If an application stores the hash of a password instead of the actual password or a value generated by reversible encryption, then theoretically, the password would remain safe if the database were ever breached. When a user tries to log in, the application simply generates a hash of the supplied password (remember, generating hashes is easy) and compares it against the stored hash. If they match, the user has given the right password. If not, the password is wrong.
Just as people have built databases of human fingerprints, however, databases of hashes exist for common values, so only using a hash would not protect users with simple passwords. Weaknesses have also been found in older hash algorithms, such as MD5. Better options include SHA-1 and the various versions of SHA-2, but they are still not sufficient on their own. Extra protection comes from adding “salt.”
In this context, salt refers to an extra string of random information that’s unique for each saved record. This salt is then concatenated with the password and a hash is generated for the entire new string. The salt needs to be saved along with the hash in the database so that login passwords can still be verified, but it should still be kept secret as much as possible. When a user logs in, their supplied password is concatenated with the salt, hashed, then checked against the stored hash.

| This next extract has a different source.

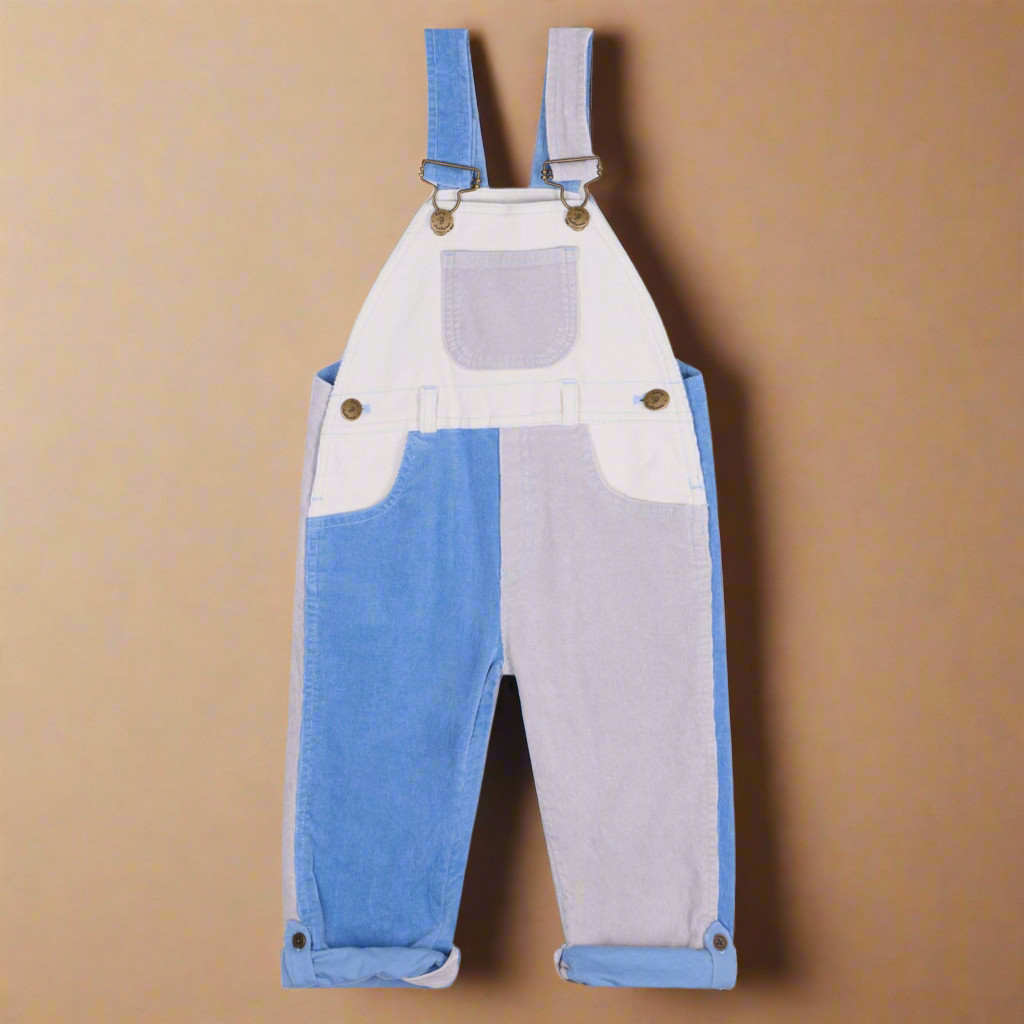 Patchwork corduroy dungarees in blocks of white, pale lilac and forget-me-not blue, with two side pockets and a central chest pocket with brass buttons
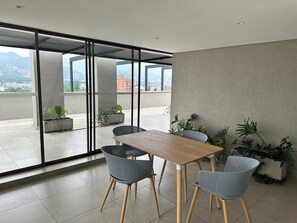 A modern indoor space with a wooden table and chairs, large windows, and potted plants.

With this system, an attacker who manages to break in to the database will only recover salted hashes instead of actual passwords. The nature of hash algorithms means that even if a user had a simple password, the salt helps ensure that their hash won’t match any found in common hash databases. To figure out each password, an attacker would have to compute all possible values with each individual salt, vastly multiplying the amount of computation required.
Of course, just as toothpaste manufacturers remind buyers that their products are only one component of good dental health, salted hashes are only one part of a secure application. In fact, with technologies such as OpenID, OAuth, and Facebook Connect, many sites really don’t even need to handle user passwords any more. But if your application does require its own authentication, a robust implementation of salted hashes ought to be a baseline for password security.